There was no getting away from it; one person’s success is another person’s failure. Clayton had tried hard to pretend that Lucky Bazza’s success didn’t bother him, but the truth was it hurt like hell. He had believed it to be the bitterest pill of all to swallow. But then Stacey left him for Bazza.

Throughout this dark, depressing period of his life, and presumably in an effort to raise his flagging spirits, Stacey had kept up a steady onslaught of derogatory comments. “You’re not funny at all,” she complained to him one day. “I can’t remember the last time you made me laugh.”

He couldn’t remember ever telling her that he was funny. Why would he? Why would he go around saying he was funny?
Who, me? Oh, I’m the funniest man on the planet. Wind me up and watch me go. I’ll have you in stitches for hours
. Comedy doesn’t work that way. Everyone knows that. Everyone except for Stacey, maybe.

The way he saw it, being funny was a disability. It dragged a person down with the sheer weight of expectation that it fostered. “Go on, then, make me laugh,” was the expectation of anyone who met him for the first time. It was a hell of a weight to lug around.

When it became obvious that Clayton was not going to earn his agent any money from fresh writing, Glen began getting him appearances on panel shows for TV and radio. He rapidly made a name for himself as the grumpy, dry-witted, mordant guest. Then one week when he was appearing on a topical news show, he let rip with a vociferous attack on the guest host, a sickening man with a squeaky-clean image and an ego the size of Texas. Clayton couldn’t abide him. Off camera, the squeaky-clean image was anything but squeaky-clean. “Let me stop you right there, Baby Doll,” Clayton had said when the host, grinning from squeaky-clean ear to squeaky-clean ear, had started to describe Clayton as a one-hit wonder who couldn’t write without his co-writer, the much more talented Barry Osborne.

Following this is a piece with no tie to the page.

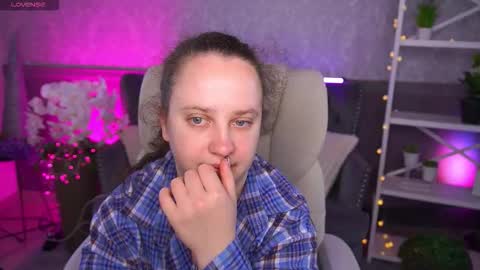 kimkistina online show from February 27, 10:59 am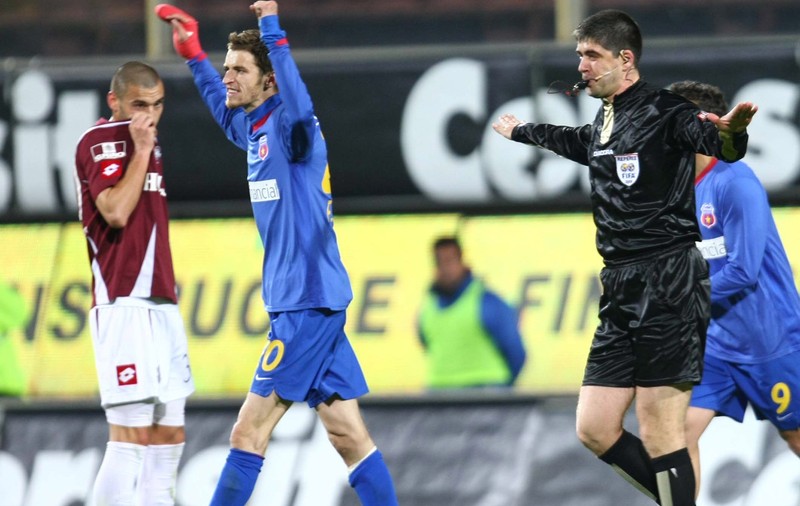 VIDEO / Rapid - Steaua, un duel încins. Multe meciuri s-au lăsat cu scandal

Clayton’s diatribe made the headlines the next day and, ever since, when an example of a truly excruciating on-screen moment was called for, the clip of him outing the host as a coke head with a penchant for dressing up in baby-doll nightdresses whilst indulging in sex with men twenty years his junior was shown. The man’s proclivities were well known in certain showbiz circles, and Clayton didn’t regret his outburst, or the man’s subsequent downfall from prime-time television.

For weeks afterwards Clayton was hot property. Every newspaper and chat show host wanted to interview him, probably in the hope that he would let rip with some other salacious exposé. He was glad when the circus left town and the telephone stopped ringing.

Stacey wasn’t so happy. He had never been interested in being Mr. Showbiz, but Stacey had loved the razzamatazz of an opening night or the chance of being snapped by the paparazzi coming out of a restaurant or a club late at night. He’d played along initially, knowing that it pleased her, but when they’d reached the sniping Heather versus Macca stage of their relationship, he told her he would sooner stay at home playing Scrabble while having his toenails systematically ripped out at the roots. Stacey’s response was to accuse him of being small-minded.

Later, when she announced that she was leaving him for Bazza, she said his small-mindedness wasn’t his only area of deficiency. Small in the trouser department? That was news to him. But apparently, Lucky Bazza was gloriously endowed. Funny, because as far as Clayton could recall from the many side-by-side urinal situations they’d shared, Lucky Bazza hadn’t shown any outstanding tendencies.